-- Records supplied follows --

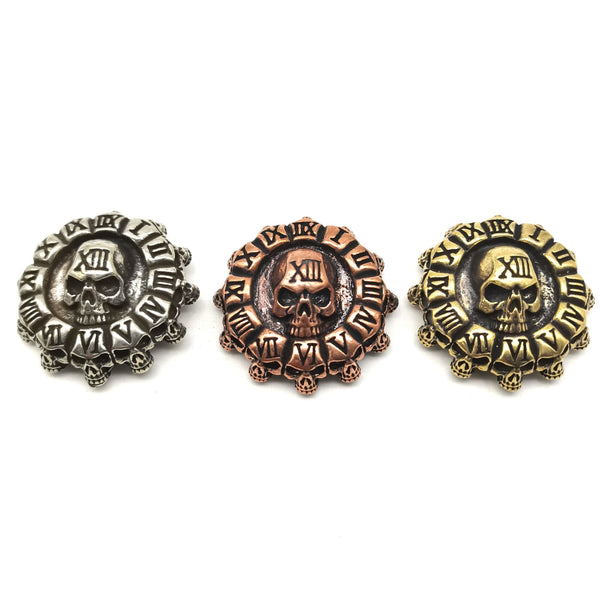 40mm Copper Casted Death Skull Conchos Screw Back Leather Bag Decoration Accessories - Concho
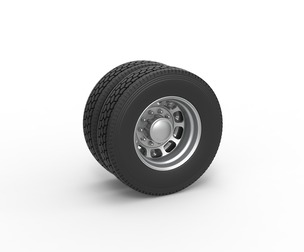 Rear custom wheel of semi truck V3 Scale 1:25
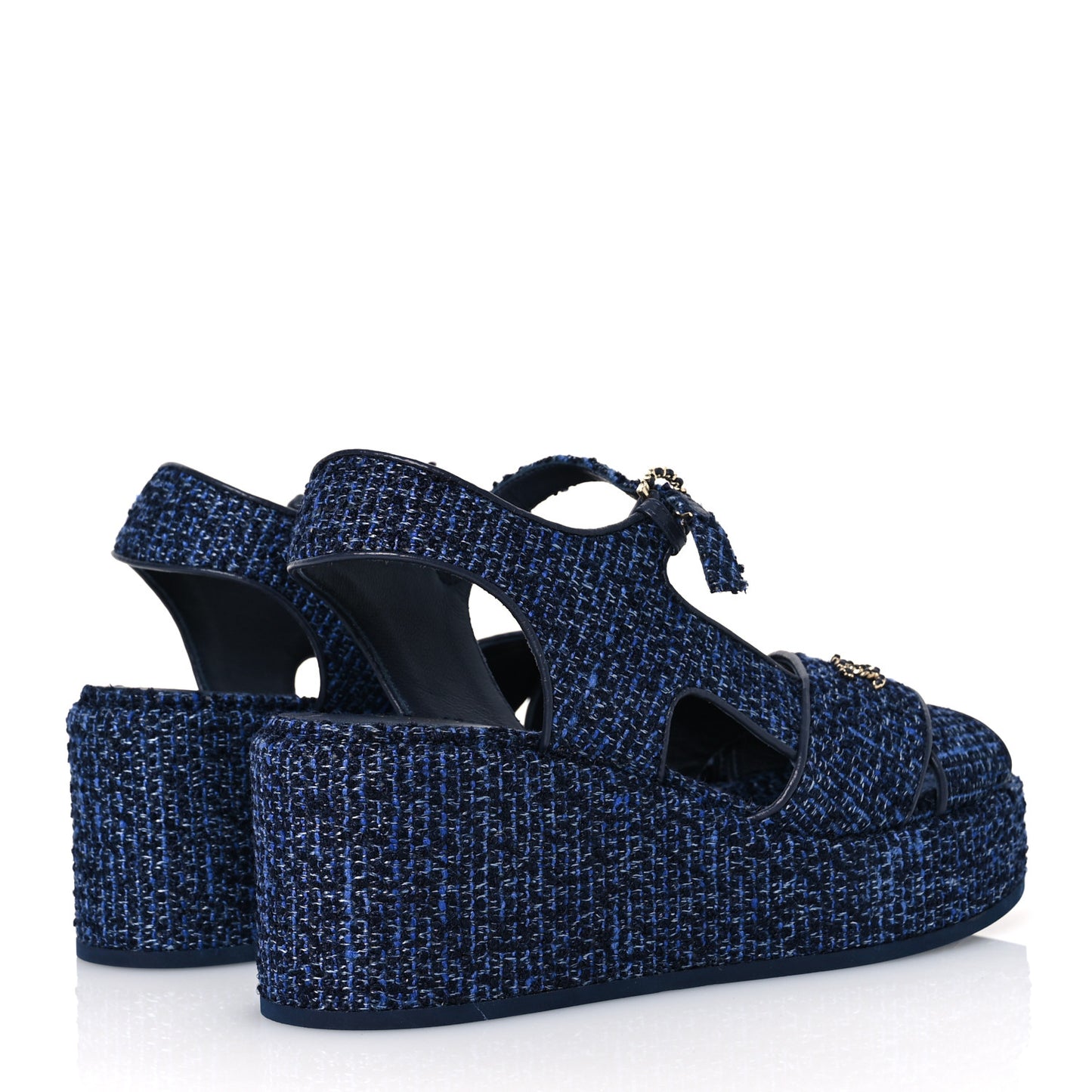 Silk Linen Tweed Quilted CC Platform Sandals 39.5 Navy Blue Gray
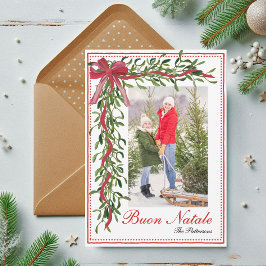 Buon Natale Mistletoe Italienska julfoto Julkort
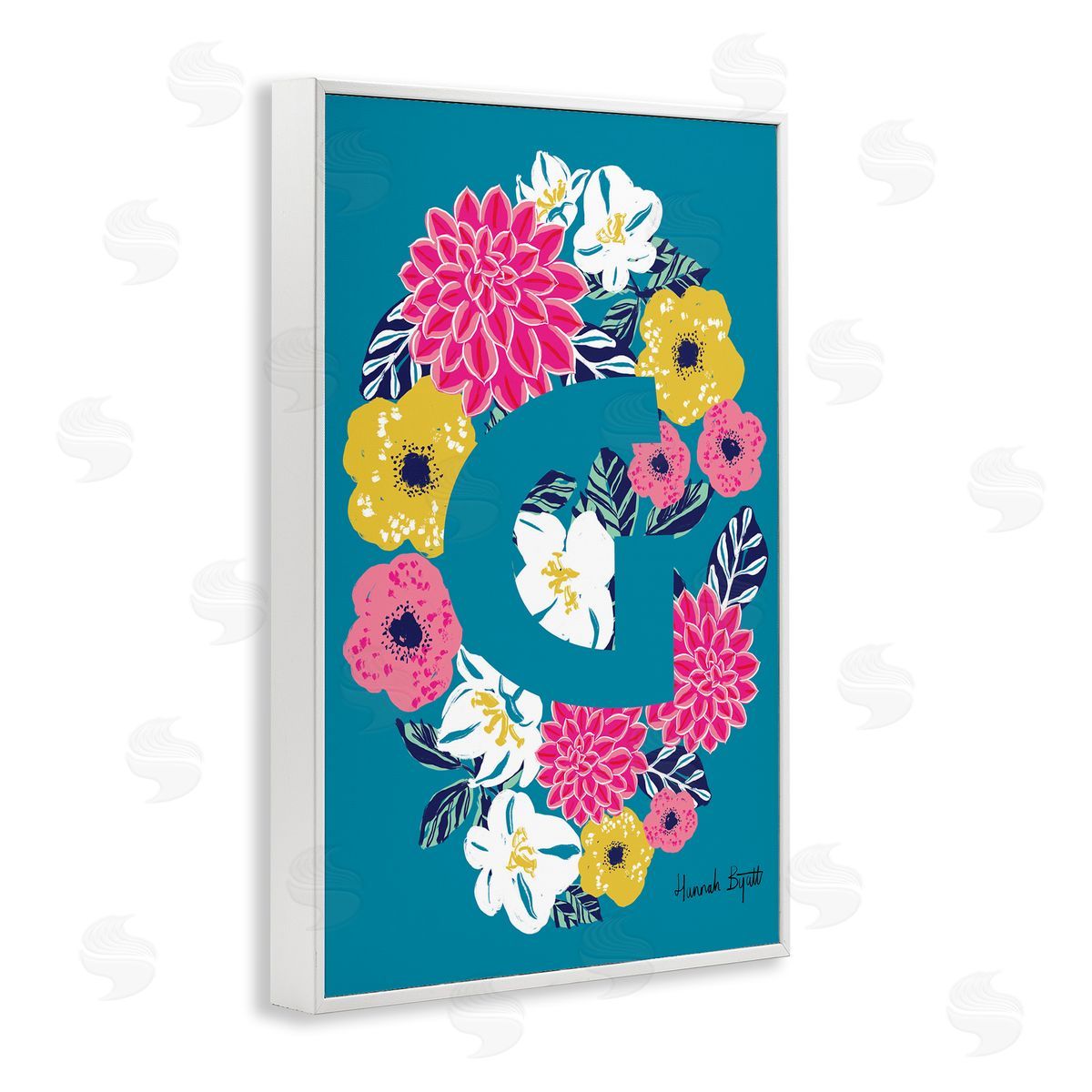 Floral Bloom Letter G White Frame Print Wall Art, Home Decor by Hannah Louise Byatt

-- Records supplied concluded --
-- Records supplied follows --

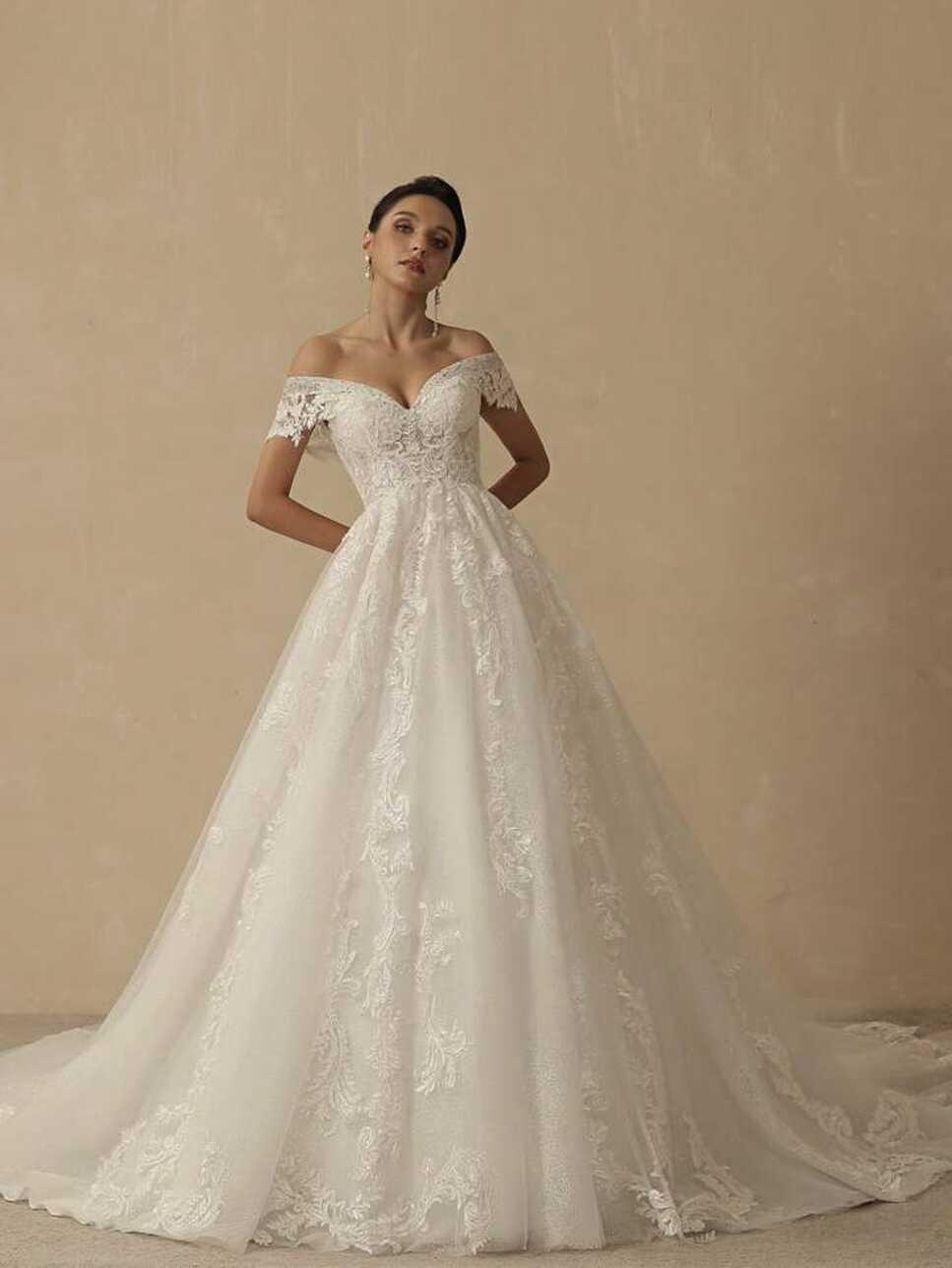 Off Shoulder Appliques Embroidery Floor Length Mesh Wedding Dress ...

-- Records supplied concluded --

* **About this task**: Only one stretch of the material above is wanted: the line containing "Buon Natale Mistletoe" through the line containing "Floral Bloom Letter". Restate it word for word, minus the pictures.

* **Solution for this task**:
 Buon Natale Mistletoe Italienska julfoto Julkort
 Floral Bloom Letter G White Frame Print Wall Art, Home Decor by Hannah Louise Byatt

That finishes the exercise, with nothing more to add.